══ Listed entries ══

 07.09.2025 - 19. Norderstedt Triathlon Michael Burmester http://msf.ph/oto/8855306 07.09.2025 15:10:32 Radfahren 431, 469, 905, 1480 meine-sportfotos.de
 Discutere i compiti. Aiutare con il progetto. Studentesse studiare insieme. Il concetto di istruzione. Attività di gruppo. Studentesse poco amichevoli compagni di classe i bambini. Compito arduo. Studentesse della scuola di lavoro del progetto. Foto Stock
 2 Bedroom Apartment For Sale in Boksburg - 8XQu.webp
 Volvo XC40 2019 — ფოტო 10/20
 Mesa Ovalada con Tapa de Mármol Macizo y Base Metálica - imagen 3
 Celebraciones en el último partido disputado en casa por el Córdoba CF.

═══
══ Listed entries ══

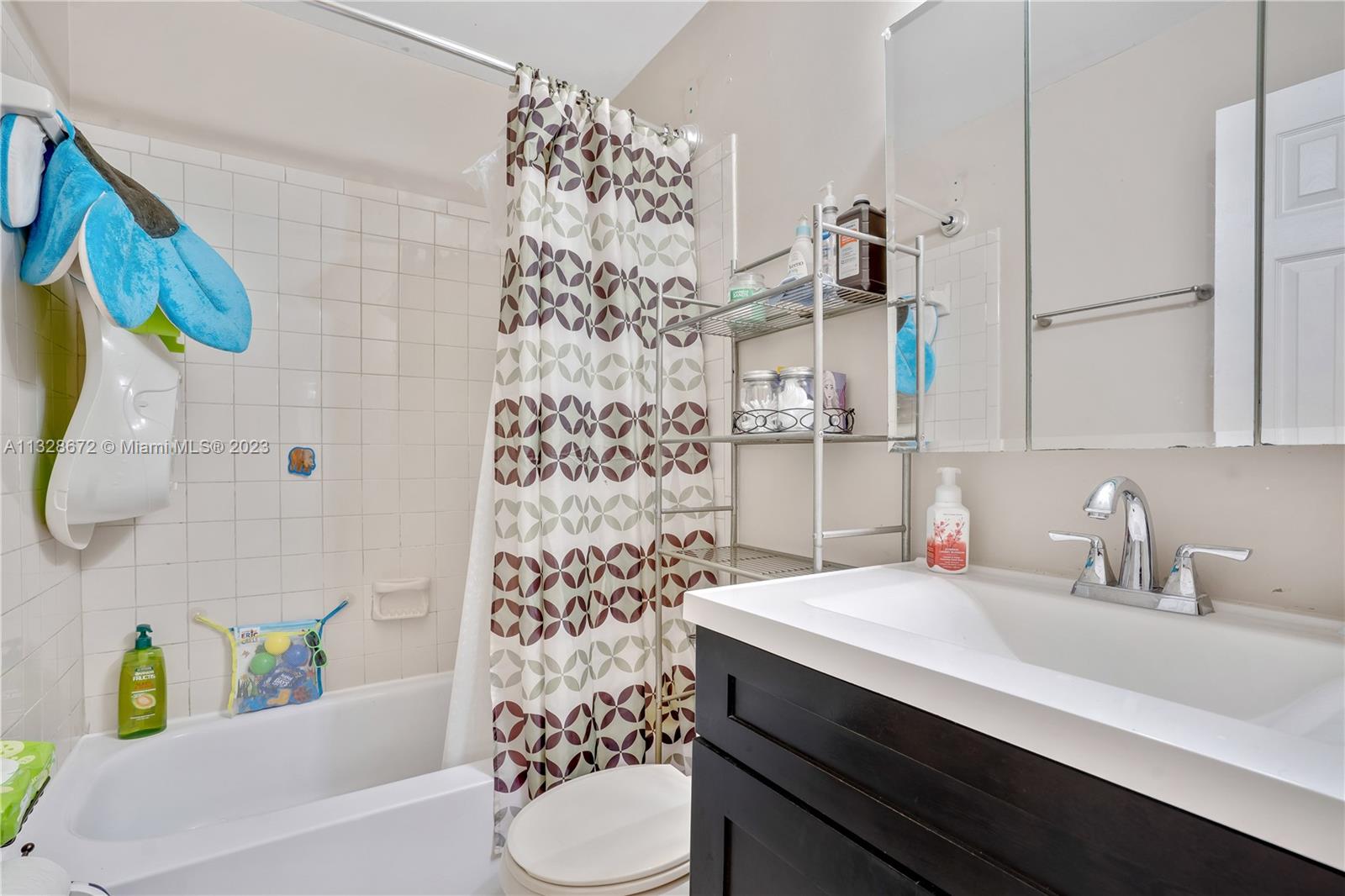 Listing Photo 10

═══
══ Listed entries ══

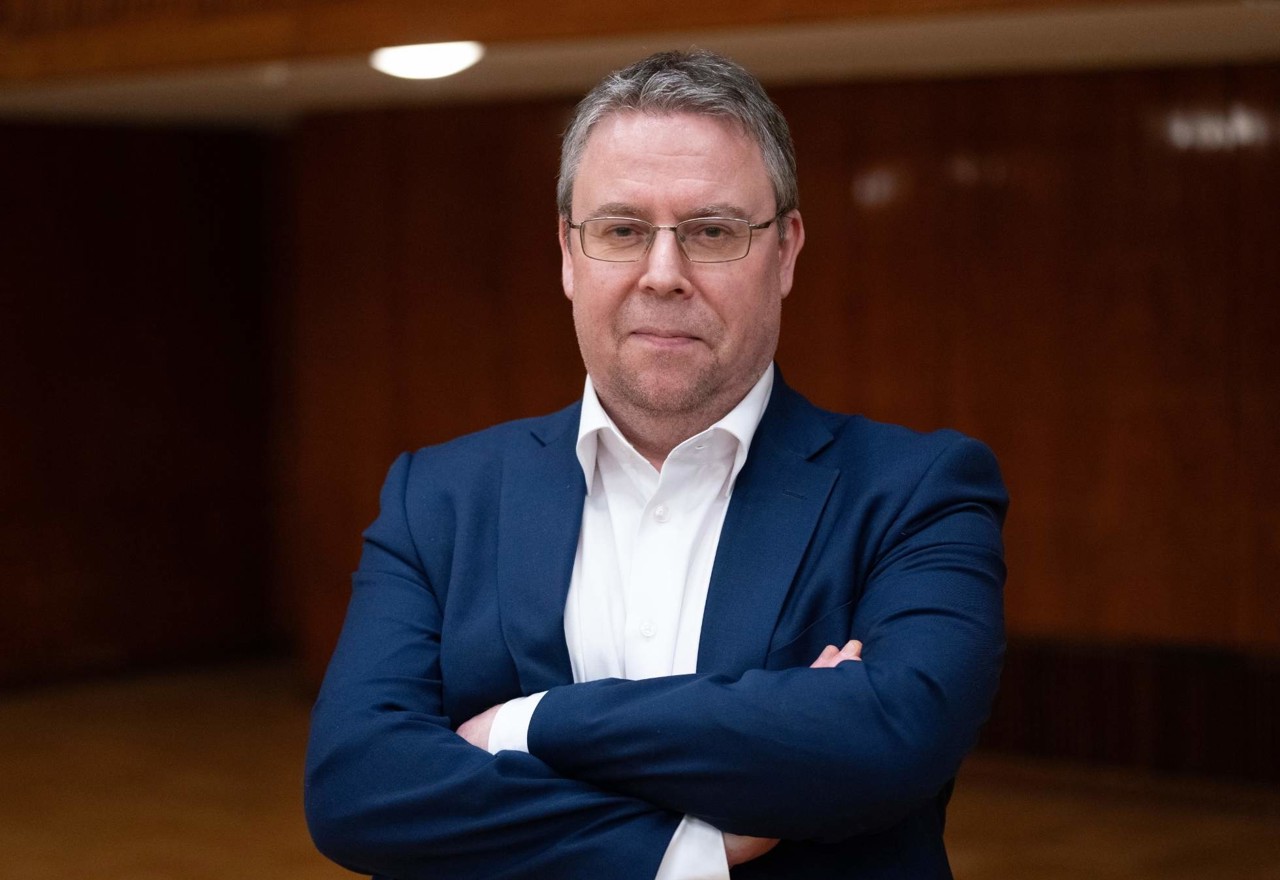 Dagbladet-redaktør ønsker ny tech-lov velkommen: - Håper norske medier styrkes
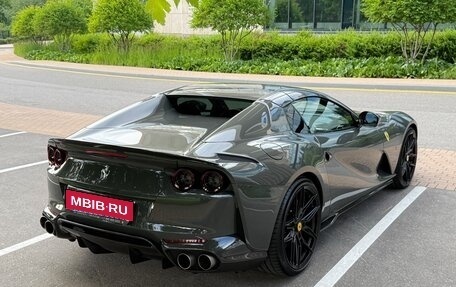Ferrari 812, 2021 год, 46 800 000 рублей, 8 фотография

═══

**Task to complete:**
Reproduce exactly the section above that begins at the line containing "Mesa Ovalada con" and ends at the line containing "Celebraciones en el", leaving out all other lines.

**Reply:**
 Mesa Ovalada con Tapa de Mármol Macizo y Base Metálica - imagen 3
 Celebraciones en el último partido disputado en casa por el Córdoba CF.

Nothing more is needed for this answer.